The catalogue of reported human rights abuses committed by the security forces include: attacks by security forces against civilians in the context of peaceful street protests, with reports of them opening fire without warning against protestors, shooting people running away or helping the injured. The attacks have evolved into systemic and targeted killings of protestors. Over 8,000 human rights defenders, activists, media workers, medical workers, artists, political opponents and critics of the regime have been arbitrarily arrested – for exercising their rights to freedom of expression, association and peaceful assembly. There are multiple reports of enforced disappearances. Brutal torture, including rape, of detainees, and the deaths of at least 120 people in custody have been reported.
Against this background, the UN Special Rapporteurs on the situation of human rights defenders and on the situation of human rights in Myanmar have expressed utmost concern about the situation of human rights defenders.

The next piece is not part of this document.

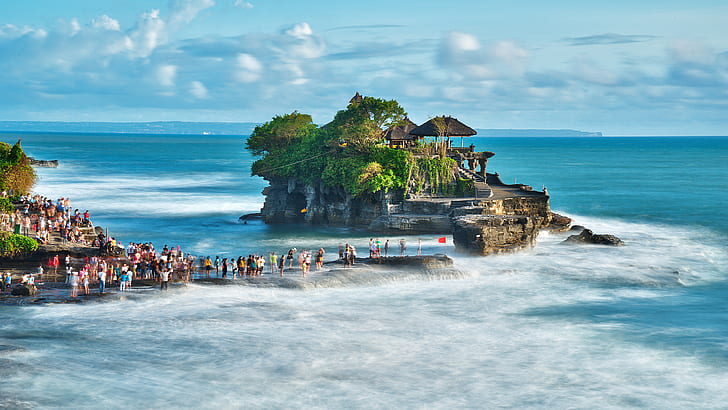 Tanah Lot ist ein Felsen in der Nähe der indonesischen Insel Bali Tempel Pura Tanah Lot Fotografie 2560 × 1440, HD-Hintergrundbild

They noted that women have played a leading role in the protest and civil disobedience movement since the coup and expressed particular concern for the situation of women human rights defenders who, they noted, could face torture and sexual violence in prison, with no medical care provided.
RAW in WAR wishes to highlight their finding that the women human rights defenders come from different ethnic groups in various areas of the country and that “Their bravery in continuing to speak out against the human rights violations being perpetrated by the military against the country’s population, coming as it does in the face of threats of gender-based violence and massive risks for their safety, is astonishing.”
On receiving the Anna Politkovskaya Award, Fawzia Koofi will join a group of remarkable women human rights defenders who received the Anna Politkovskaya Award in the past, including Radhya Almutawakel (2020), Alex Crawford (2019), Binalakshmi Nepram (2018) and Svetlana Alexievich (2018), Gulalai Ismail (2017) and Gauri Lankesh (2017), Jineth Bedoya Lima (2016) and Valentina Cherevatenko (2016), Kholoud Waleed (2015), Vian Dakhil (2014), Malala Yousafzai (2013), Marie Colvin (2012), Razan Zaitouneh (2011), Dr. Halima Bashir (2010), Leila Alikarami on behalf of the One Million Signatures Campaign for Equality in Iran (2009), Malalai Joya (2008) and Natalia Estemirova (2007).
The award will be presented to the winner in March 2022 in London at RAW in WAR’s ‘Refusing to be Silenced’ event, part of the 2022 Women of the World (WOW) Festival.